Using the records below, return exactly the lines from the one containing "um quarto com" through the last, and omit pictures.

═══ DATASET EXCERPTS

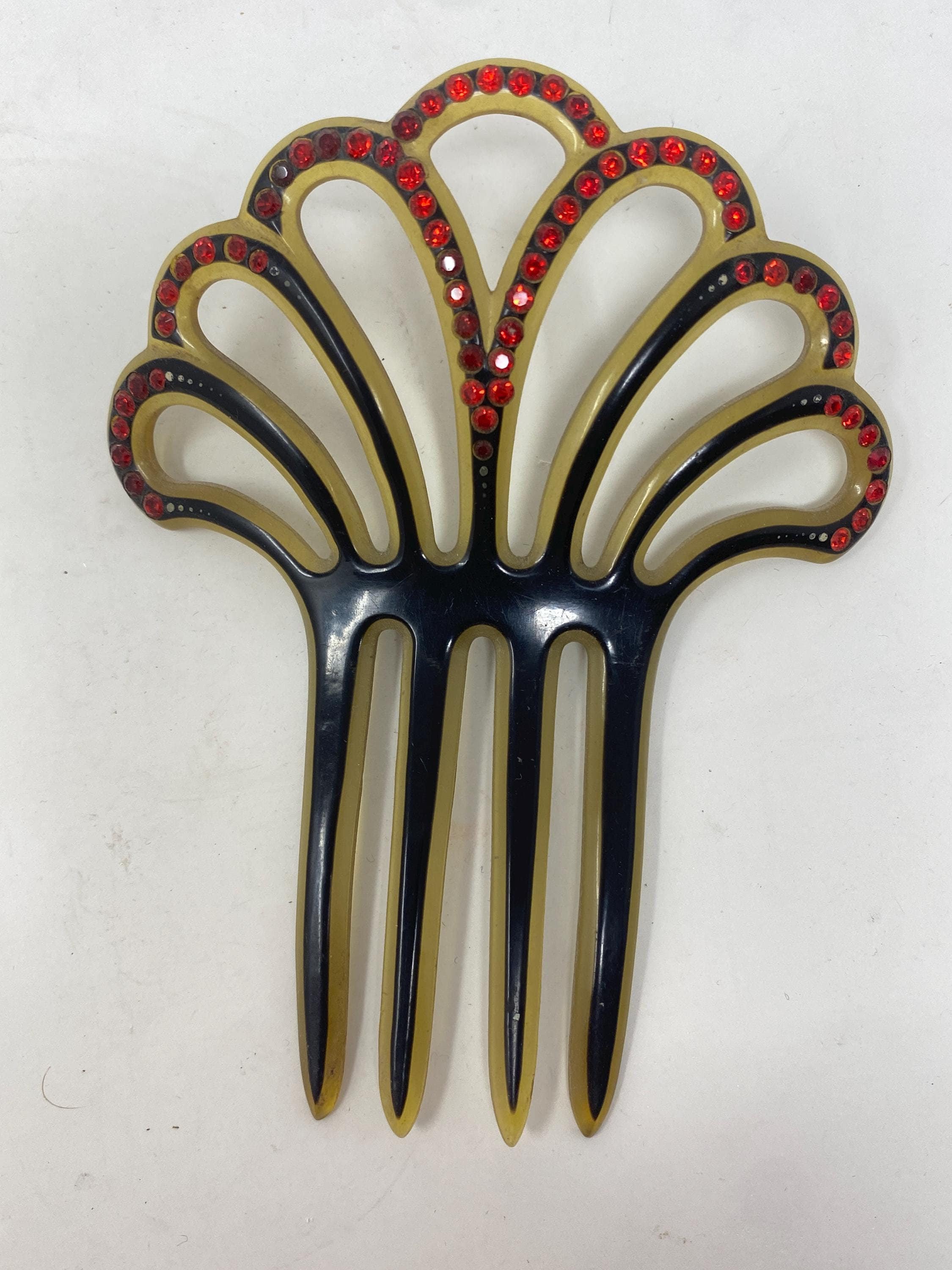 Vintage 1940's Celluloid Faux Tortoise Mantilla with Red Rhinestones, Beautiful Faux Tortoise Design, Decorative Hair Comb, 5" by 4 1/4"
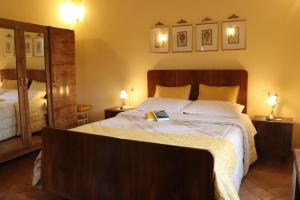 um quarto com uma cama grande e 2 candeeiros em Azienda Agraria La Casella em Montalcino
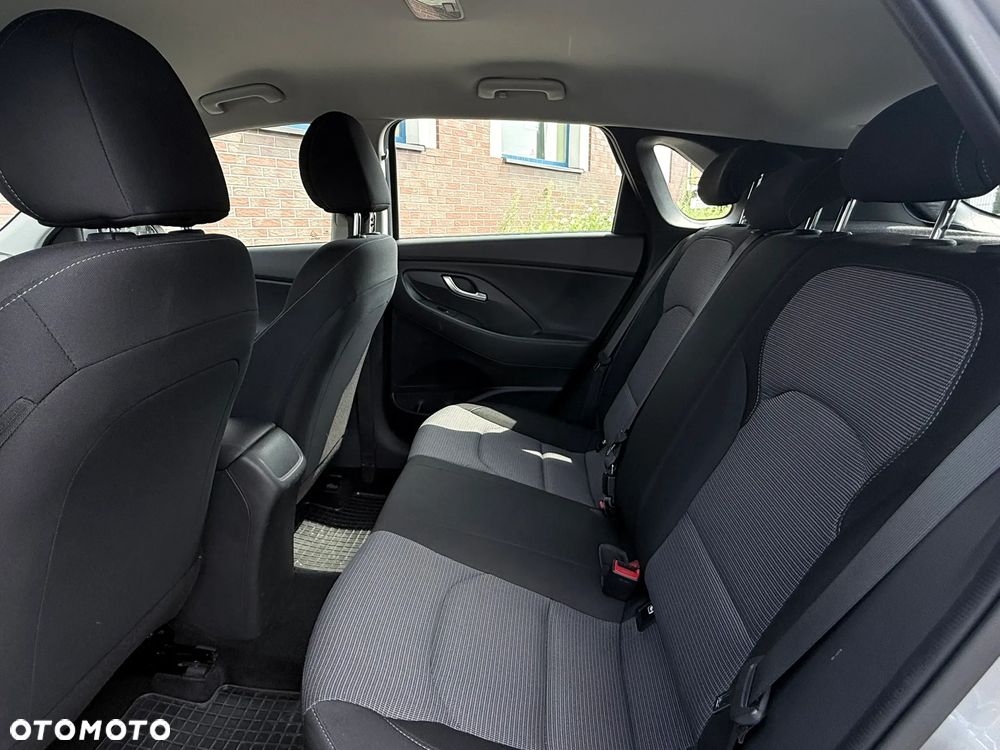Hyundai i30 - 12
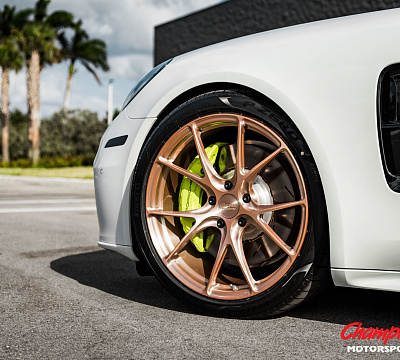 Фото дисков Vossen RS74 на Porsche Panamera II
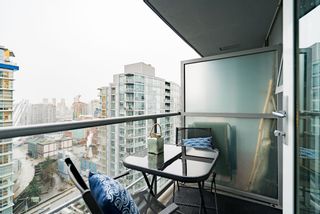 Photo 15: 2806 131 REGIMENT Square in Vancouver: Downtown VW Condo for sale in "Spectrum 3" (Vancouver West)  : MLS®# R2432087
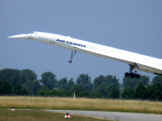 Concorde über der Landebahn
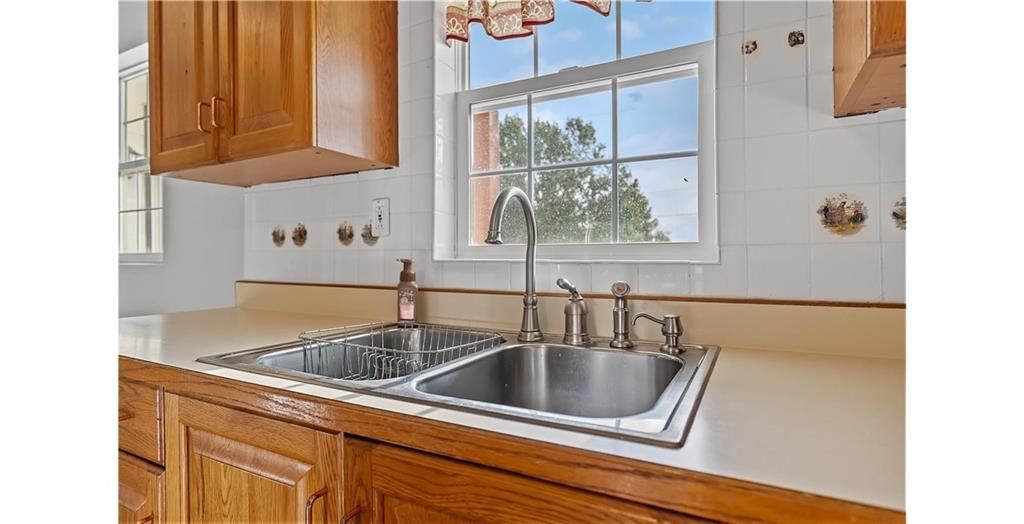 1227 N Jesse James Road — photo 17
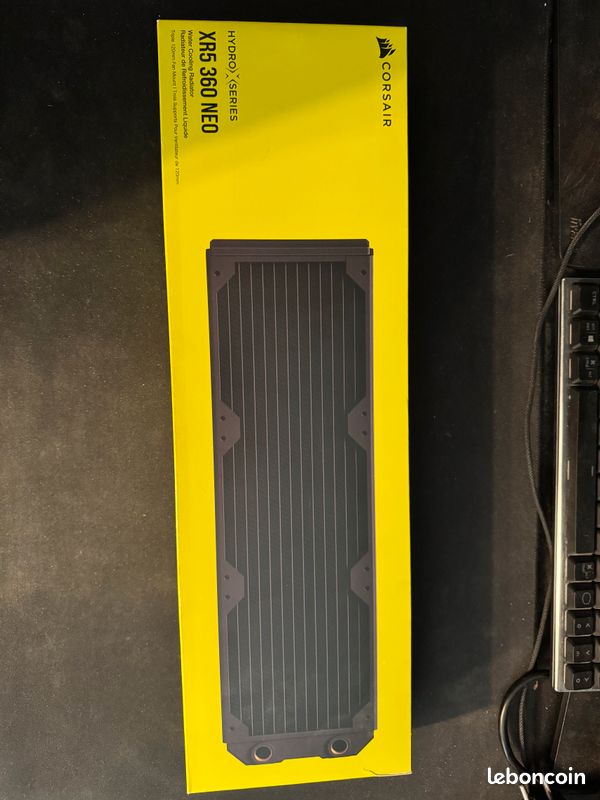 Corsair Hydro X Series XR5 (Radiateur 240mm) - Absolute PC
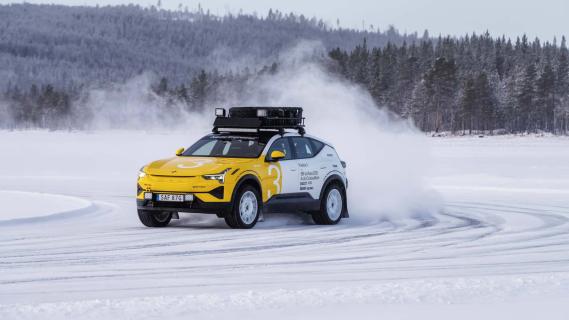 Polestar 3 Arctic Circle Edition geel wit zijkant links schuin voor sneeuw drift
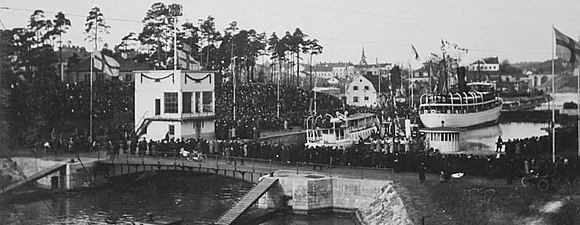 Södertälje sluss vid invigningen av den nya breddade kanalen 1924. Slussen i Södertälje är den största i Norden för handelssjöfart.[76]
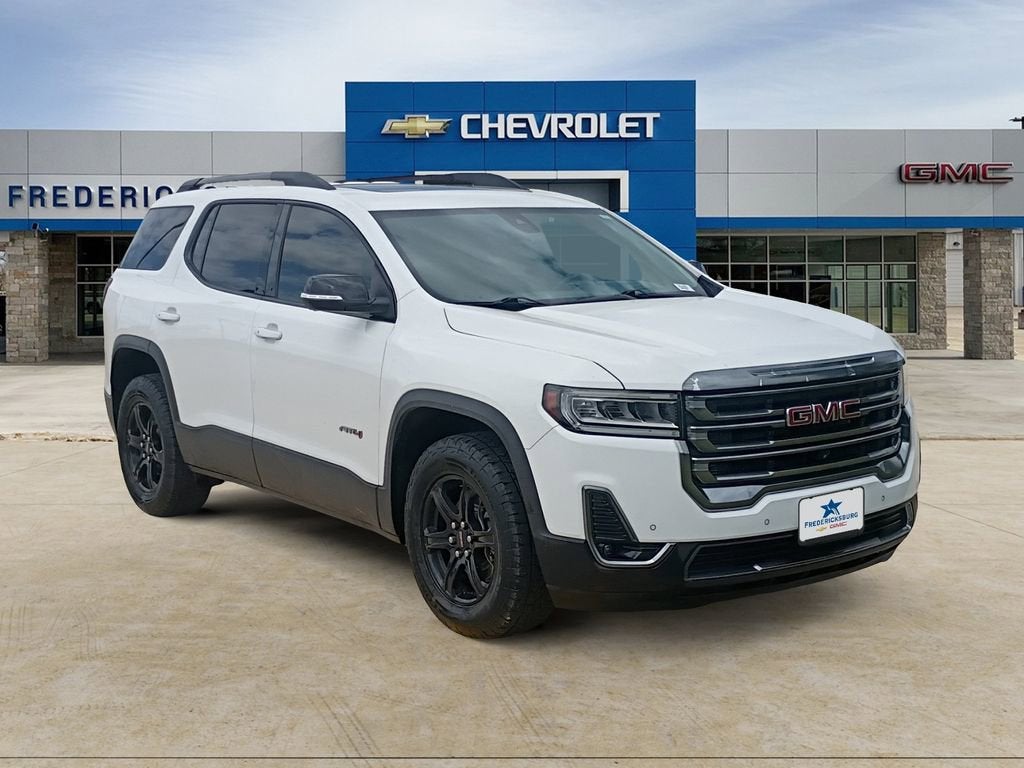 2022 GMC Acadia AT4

══════

### SOLUTION
 um quarto com uma cama grande e 2 candeeiros em Azienda Agraria La Casella em Montalcino
Hyundai i30 - 12
 Фото дисков Vossen RS74 на Porsche Panamera II
 Photo 15: 2806 131 REGIMENT Square in Vancouver: Downtown VW Condo for sale in "Spectrum 3" (Vancouver West)  : MLS®# R2432087
 Concorde über der Landebahn
 1227 N Jesse James Road — photo 17
 Corsair Hydro X Series XR5 (Radiateur 240mm) - Absolute PC
 Polestar 3 Arctic Circle Edition geel wit zijkant links schuin voor sneeuw drift
 Södertälje sluss vid invigningen av den nya breddade kanalen 1924. Slussen i Södertälje är den största i Norden för handelssjöfart.[76]
 2022 GMC Acadia AT4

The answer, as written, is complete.